Nominations: You may nominate people for MOTM. The only exceptions are the people who won between September and December of last year, and the winners of this year so far, "Site Moderators", Admins and Webmasters (Team P-Fury is still eligible). (That having been said, you may nominate anyone you want from the *July* list at this point and if they happen to win, so be it, they will simply be removed from this competition.) You may choose to nominate them in this thread or via PM. If our list is longer than ten, some nominees may be pruned (especially those who haven't posted in *August*, those who are currently suspended or banned, or those who have been suspended or banned during that month). I won't prune too much, though, unless we have a ridiculous list that's hard to wade through.
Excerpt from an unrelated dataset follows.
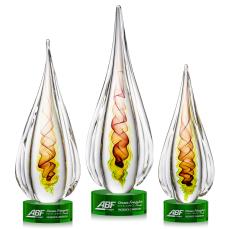 Carterra Tear Drop on Marvel Green Glass Award - Glass Awards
A thought on nominations: Sometimes I like to do a theme for my nominations. One month, I did moderators (actually, that's been a theme for me in a lot of months). Another month, my theme was "guys who help out in the reptile section". I've also had sillier themes, like "me and a bunch of spambots so that Taylor would cap the nominees at this point and I would win". (Taylor thought it was funny, but realized that I wasn't all that serious.) Think hard about this--if you see someone who's busting their balls on the site, but never gets appreciation for it, nominate them. If you see someone who's helped you quite a bit in the recent past, give them a nod. If you see someone who's made 2000 posts in the last three hours, smack them around a bit.


----------



## ChilDawg (Apr 30, 2006)

Bump.


----------



## ChilDawg (Apr 30, 2006)

Bump.


----------



## ChilDawg (Apr 30, 2006)

Bump.

Bump.


----------



## ChilDawg (Apr 30, 2006)

Bump.


----------



## ChilDawg (Apr 30, 2006)

Bump.


----------



## ChilDawg (Apr 30, 2006)

Bump.


----------



## ChilDawg (Apr 30, 2006)

Bump.


----------



## ChilDawg (Apr 30, 2006)

Bump.


----------



## ChilDawg (Apr 30, 2006)

Bump--MOAR, please...we're running low on time.


----------



## ChilDawg (Apr 30, 2006)

So what will you be doing on Friday night? Will you be sitting at home, bawling your eyes out because you forgot to submit a photo for POTM and/or one for NPOTM? Or will you be crying at the bar? Or will you be smiling your brains out because you have your winner in the contest--and you might have nominated the winner for MOTM, to boot...let's make some smiles!


----------



## ChilDawg (Apr 30, 2006)

Bump.


----------



## ChilDawg (Apr 30, 2006)

Make sure to git'cher ducats...because it's time for teh bumper cars!!1 !12!!5!


----------



## ChilDawg (Apr 30, 2006)

"Yep yep yep!"-Ducky


----------